The ozone (O_{3}) is an odorless, colorless, and highly reactive gas composed of three oxygen atoms. It is formed both in the Earth’s upper atmosphere (stratospheric ozone) and at ground level (tropospheric ozone). It can be “good” or “bad” for people’s health and for the environment, depending on its concentration levels and location in the atmosphere [1].

Stratospheric O_{3} is formed naturally through the interaction of solar UltraViolet (UV) radiation with molecular oxygen (O_{2}). Ground-level or “bad” ozone is not emitted directly into the air. In the 1950s, hydrocarbons and nitrogen oxides (NO_{x}) were identified as the two key chemical precursors of photochemical smog and its concomitant high concentrations of O_{3} and other photochemical oxidant [2]. The majority of ground-level O_{3} is formed from the photochemical oxidation of Volatile Organic Compounds (VOCs) in the presence of NO and other NO_{x}. Significant sources of VOCs are chemical plants, gasoline pumps, oil-based paints, autobody shops, and print shops. NO_{x} result primarily from high temperature combustion, and its most significant sources are power plants, industrial furnaces and boilers, and motor vehicles [3].

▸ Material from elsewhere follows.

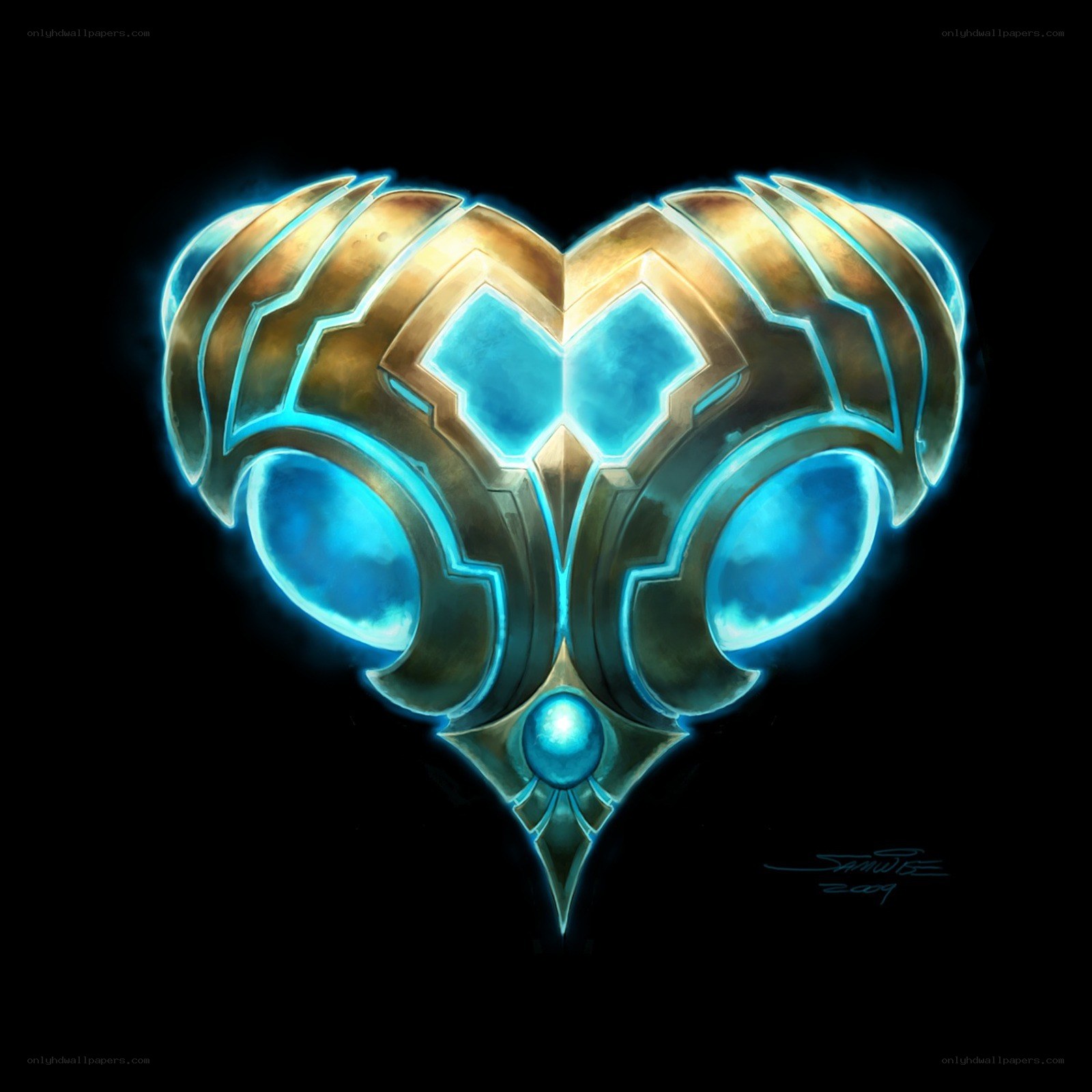 glowing heart emblem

##### 1.1. Importance of Ozone

The O_{3} exposition can cause damage in different ways. In the stratosphere, reduced O_{3} levels as a result of O_{3} layer depletion mean less protection from the sun’s rays and more exposure to UltraViolet B (shortwave) rays (UVB) radiation at the Earth’s surface [4]. The effects on human health of the O_{3} layer depletion have been much analyzed, increasing the amount of UVB that reaches the Earth’s surface. UVB causes nonmelanoma skin cancer and plays a major role in malignant melanoma development. In addition, UVB has been linked to the development of certain cataracts, negative effects in patients with asthma, and other chronic respiratory disease. With respect to ground-level O_{3}, and its effects on human health, breathing O_{3} can trigger a variety of health problems. People with asthma and other chronic respiratory disease are a large and growing segment of the population and are also known to be especially susceptible to the effects of O_{3} exposure. On days with high levels of O_{3}, people with asthma tend to experience increased respiratory symptoms [3]. The layer O_{3} depletion has also negative effects on the process of the development of plants, effects on the marine ecosystems like a direct reduction in phytoplankton production, negative effects on materials like biopolymers, and so forth. Tropospheric O_{3} does not provide the protective function that it fulfills in the stratosphere, being high reactivity. Its strong oxidizing capacity, when its levels rise above the natural background, can cause adverse effects in materials (derived from its corrosive effects), on vegetation and ecosystems.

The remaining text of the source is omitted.